Emacs Lisp is what you turn to if you want to automate some kind of editing in your document where going through the UI is just too tedious or slow.
Here's an example: I had to do some refactoring in my company a while back. It involved moving around a bunch of methods to a bunch of files. To help people who would be merging our code during the transition, we left "headstone" comments in the old location telling them where the new code would be. The headstones involved commenting out the entire function (including the declaration), deleting the body of the function, and putting a comment in the body's place instead.
After a handful of these, and dozens to go, I was ready to tear my hair out from boredom. So I cobbled the following commands together and stuck them in my ~/.emacs
file. You may be able to get the gist of what they do, even without much in the way of comments.
(defun reheadstone-region (fname beg end)
(interactive "sFilename to use: \nr")
(save-excursion
(save-restriction
(narrow-to-region beg end)
;; comments around entire thing
(goto-char (point-min))
(insert "/*\n")
(goto-char (point-max))
(insert "\n*/\n")
;; zap the method body
(goto-char (point-min))
(search-forward "{")
(forward-line)
(push-mark (point))
(goto-char (point-max))
(search-backward "}")
(beginning-of-line)
(kill-region (region-beginning) (region-end))
(pop-mark)
;; new headstone body
(headstone-in fname))))
(defun headstone-in (fname)
(interactive "sFilename to use: ")
(save-excursion
(beginning-of-line)
(insert (format "\tThis method has been moved to %s." fname))))
This was a quick and dirty hack, and far from perfect in its operation no doubt. But after loading it up and binding it to a key, and directing it a bit by selecting the region surrounding the function I wanted to headstone before executing the command, I was doing a whole series of tedious edits with practically no effort at all. Plus, I got the rush of pleasure from the instant gratification that this code afforded me. My coworkers were wondering why I looked so cheerful as I breezed my way home for the day, especially after looking so grumpy at lunchtime.
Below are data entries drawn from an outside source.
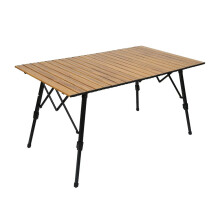 Veelzijdige outdoor aluminium kampeertafel met verstelbare hoogte, ingebouwde gasbrander, theetijd dienblad en grilluitrusting
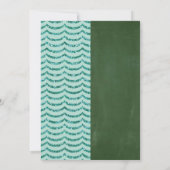 マーメイド&アメリカンフットボールボーイガール誕生日 招待状 (裏面)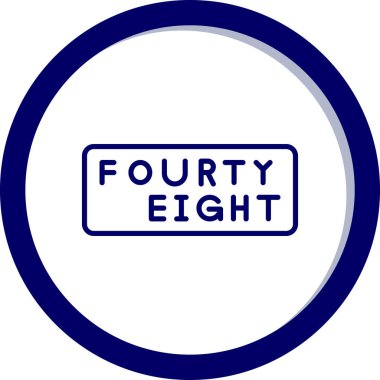 Beyaz zemin üzerinde izole edilmiş modaya uygun düz tasarımda 5 numara simgesi. mavi ve siyah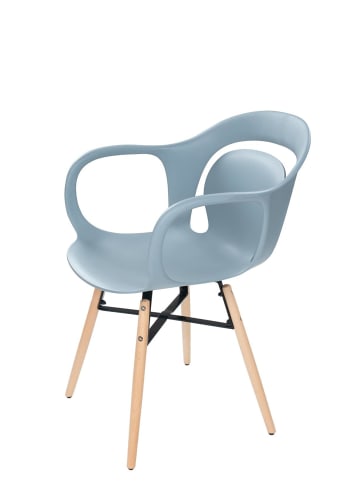 Kayoom Stuhl Chuck 4erSet in graublau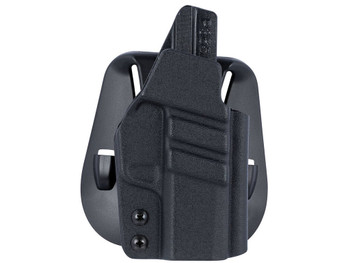 1791 Gunleather TACPDHOWBP365BLKR Tactical Kydex OWB Black Kydex Paddle Fits Sig P365 Right Hand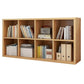 11.81"W Bookshelf Scandinavian Style Closed Back Bookcase for Home and Office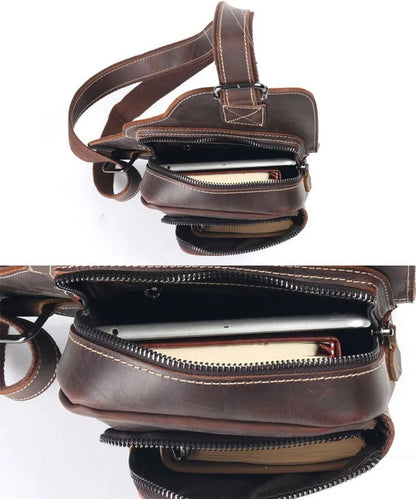 Sacoche Homme Cuir élégante "Le Connaisseur" - Restaur Cuirs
That's the sort of thing Emacs Lisp can do for you. I suppose you could argue that this is no different from "developing Emacs itself", since these commands hardly look any different from Emacs's built-in commands from the UI point of view, but the psychological effect is very different. I'm extending the editor with very specific commands in very specific ways to achieve tasks for my project that would be difficult or impossible without a full scripting language and editor API at my disposal. From my point of view (and I've come to this view lately), an Emacs user without some basic facility with Emacs Lisp has not yet become a power user.